I’m not a monarchist. Nor am I a republican. I am a status quoist. I can see a certain amount of value in the Royal Family as an institution, but also recognise that its abolition will be the least of the UK’s economic woes. The preservation of the monarchy keeps alive a thousand year old story, with new chapters being added by each new character. Prince Philip’s death is merely another turned page in the book. But best of all, it avoids the drama of further referendums, societal splits and the possibility of a rogue Tory PM declaring themselves president for life.
Yes, it is a sad time for the Queen. And also for Jonathon Pryce, who’d only recently won the role of Phil in Season 5 of Netflix’s Crown. It seems unlikely that he’ll make it into Season 6. But for most of us, it’s not the biggest news of the day. Or so we’d have assumed. The Beeb decided otherwise, suspending broadcasting on all channels, television and radio. Tributes to Phil followed. Wall to wall stuff. Heavens, I half expected them to draft in Ri Chun Hee to add a little bit of North Korean magic to the Six O’Clock News.

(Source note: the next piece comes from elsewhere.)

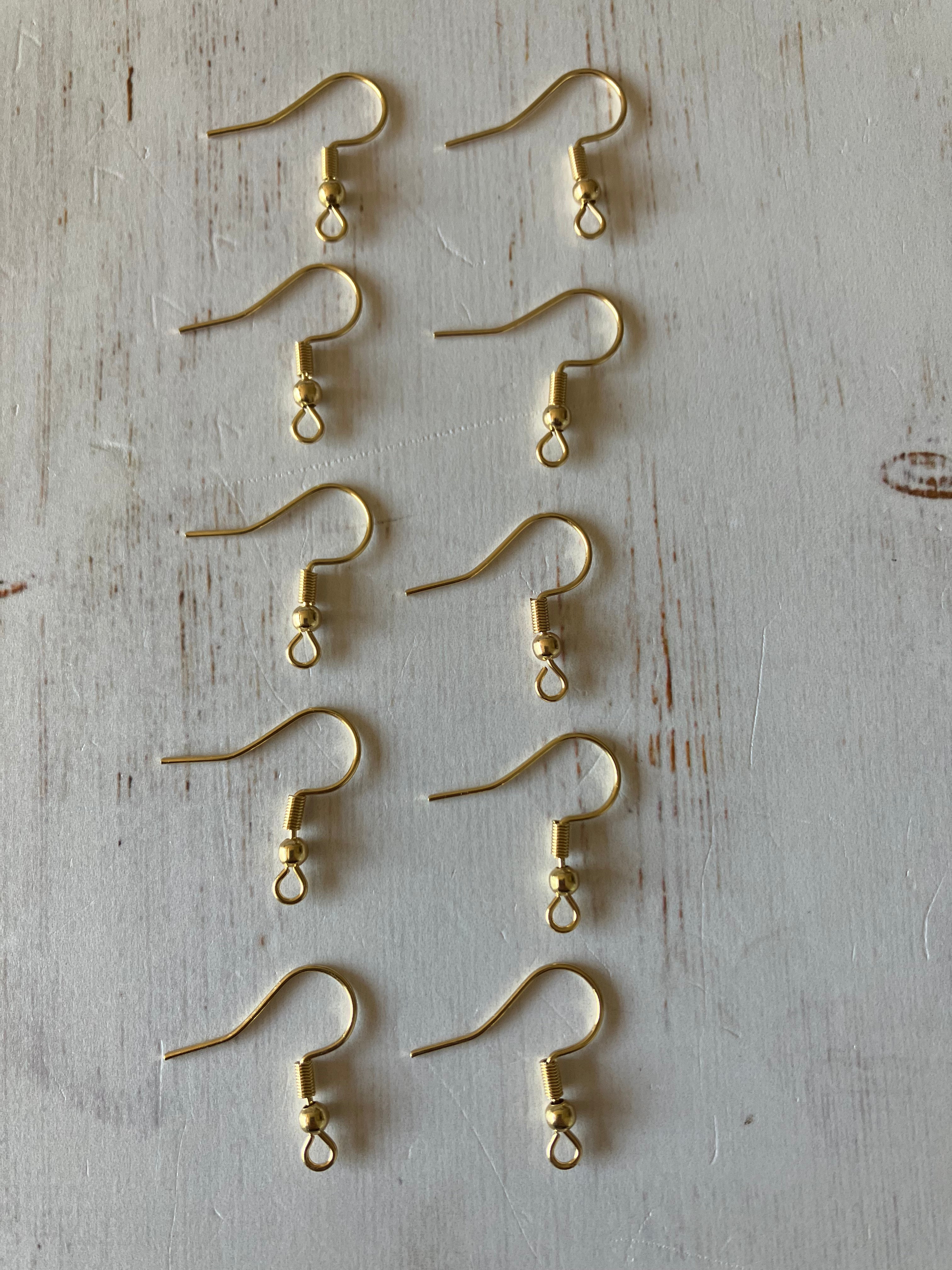 304 Stainless Steel 18K Gold Plated - Golden Earing Hooks with Ball (5 Pairs)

The thing for any self respecting news outlet, journalist or blogger to do at the moment, is to recount that pivotal moment in their life when they crossed paths with the Duke of Edinburgh. A witty tale will ensue. A tear may be wiped away. A sorrowful chuckle will end the sorry episode, but by that stage I’ll have switched over to Netflix. The final series of the Crown can’t come quick enough. I mean, seriously…who doesn’t want to find out what Phil’s final words were? My money is something along the lines of, “Good God man, next thing, you’ll be telling me that Meghan is black and that Archie, my own flesh and blood is…” The curtain drops here, and the scene cuts to the Queen standing at an open grave.
But let’s move on. Because I suppose that I am obliged, by official protocol and stuff, to provide you with my own tale involving me and the Duke of Edinburgh. I do have one. It’s a little tenuous, but here goes. Many years ago, at the rather posh school I went to, I signed up to do the Duke of Edinburgh Award. It’s actually a very good program. And it was hugely preferable to signing up to the Combined Cadet Force to play pretend army in muddy fields. Or going to talk to old people who were already knee deep in senility in local old folks homes. Those were the alternative options.
Alas, everyone and their grandmother signed up for the DofE Award, and so a number of us were obliged to go do one of the other two. I begged and pleaded to be allowed to go to see the old folks, but it was decided that I should play pretend army in muddy fields. It sounded dreadful. In practice, it was worse. There was literally just one person who had voluntarily joined CCF, a kid called Russell Lewis, but at least he was a friend. He loved army stuff. So much so that he carried a Rambo style knife around with him, which on one occasion he accidentally put a half inch into the back of another classmate on the bus home. These days, that sort of stuff would be a big deal. Back in the 1980s it just got you on the advanced Knife Training Course*.
Does my failure to get onto the DofE scheme end my link to Phil? No, not at all. My Rambo inspired friend went on to join the real army, in the officer ranks. Indeed, he went into the Paras, my dad’s old regiment, and became Major Russell Lewis. He served in Northern Ireland and Afghanistan, and turned out to be so good at stabbing people, he earned himself a Military Cross. He’s even written a book, which I might well now buy. Now, in case you didn’t know, the Colonel in Chief of the Paras is Prince Charles. Who is Phil’s oldest son. And there, amigos, is my tenuous link.
* This may be a slight exaggeration. I think he may have been suspended for a week or so. But it just goes to show, getting a bit stabby at school isn’t always a bad thing. Unless you’re the stabbee, of course.